Harold, gozoso al ver a Alfredo encadenado, ordenó decapitar en su presencia a los mejores de sus seguidores; a él mismo, mandó que le sacaran los ojos y luego, a caballo e infamantemente desnudo, que fuera conducido hasta el mar, con los pies atados por debajo del vientre del animal, con el fin de atormentarlo en la isla de Ely mediante el exilio y la miseria. Lo regocijaba pensar que la vida de su enemigo sería peor que la muerte. Al mismo tiempo, esperaba aterrorizar definitivamente a Eduardo, ante las calamidades de su hermano. Así pereció el más hermoso de los jóvenes, el más alabado por su bondad, hijo y nieto de Reyes, ya que no pudo sobrevivir por mucho tiempo: cuando le sacaron los ojos con un cuchillo, la punta dañó el cerebro.

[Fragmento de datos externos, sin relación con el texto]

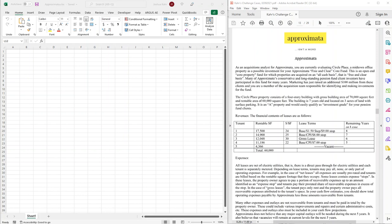Hi, Josh Carr here for Carr Real Estate, working through yet another case. There are certain cases that you just know are going to take multiple videos, and this is definitely one of them. This one, we've got multiple tenants, we've got steps, we've got rent growth. There's all kinds of complexity to it. So let's start building it out.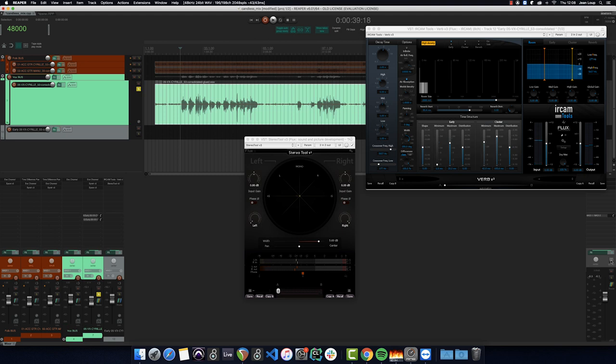Despite this summation, the original vocal remains untouched. Another advantage of using the ERCAM verb for this comes of course from the quality of its early reflections engine. We end up with a signal that is strongly decorrelated without however affecting the original timbre of the voice.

(4) Por eso te dirigimos este apóstrofe, Godwin, cuyo nombre infame y odioso sobrevive a la muerte. Si fuera posible, hubiéramos querido apartarte del malvado crimen que cometiste. ¿Por qué execrable furia fuiste agitado? ¿Cómo pudiste maquinar un crimen tan abominable contra el derecho humano y divino? ¿Por qué cometiste tan pérfida traición, para tu ruina y la de los tuyos, tú el más cruel de los homicidas? Planeaste, te alegras de haber llevado a cabo aquello que detestan los ritos y las leyes de las naciones más apartadas del cristianismo. Los indignísimos sufrimientos de Alfredo, a ti, el más ímprobo de los hombres, te provocan alegría; a los honestos, lágrimas. De tales cosas, incluso la mención resulta siniestra. Pero Guillermo, el gloriosísimo duque, cuyos actos enseñaremos a la edad futura, confiados en la ayuda de Dios, herirá con su espada vengadora la garganta de Harold, vástago tan parecido a ti por su crueldad y perfidia. Tú has derramado con tu traición la inocente sangre de los normandos; en justa respuesta será derramada la sangre de los tuyos por el hierro de Normandía. Lo mejor habría sido guardar este crimen inhumano en completo silencio: pero, cuando en la marcha de la historia, incluso los sucesos menos dignos inevitablemente suceden, no consideramos que hayan de ser omitidos en el relato, siempre que sirvan para disuadir de su imitación.

(5) No mucho después murió Harold, al que sucedió su hermano Harthacnut, nacido de Emma, madre de Eduardo, que había vuelto de Dinamarca. Éste, parecido a su estirpe materna, no reinaba con la crueldad de su padre o su hermano, ni deseaba la muerte de Eduardo, sino su éxito. Además, a causa de las enfermedades que frecuentemente sufría, tenía la mirada puesta más bien en Dios y en la brevedad de la vida humana. Por lo demás, dejemos escribir a otros acerca de su reino o su vida, no sea que nos apartemos demasiado de la materia que nos hemos propuesto.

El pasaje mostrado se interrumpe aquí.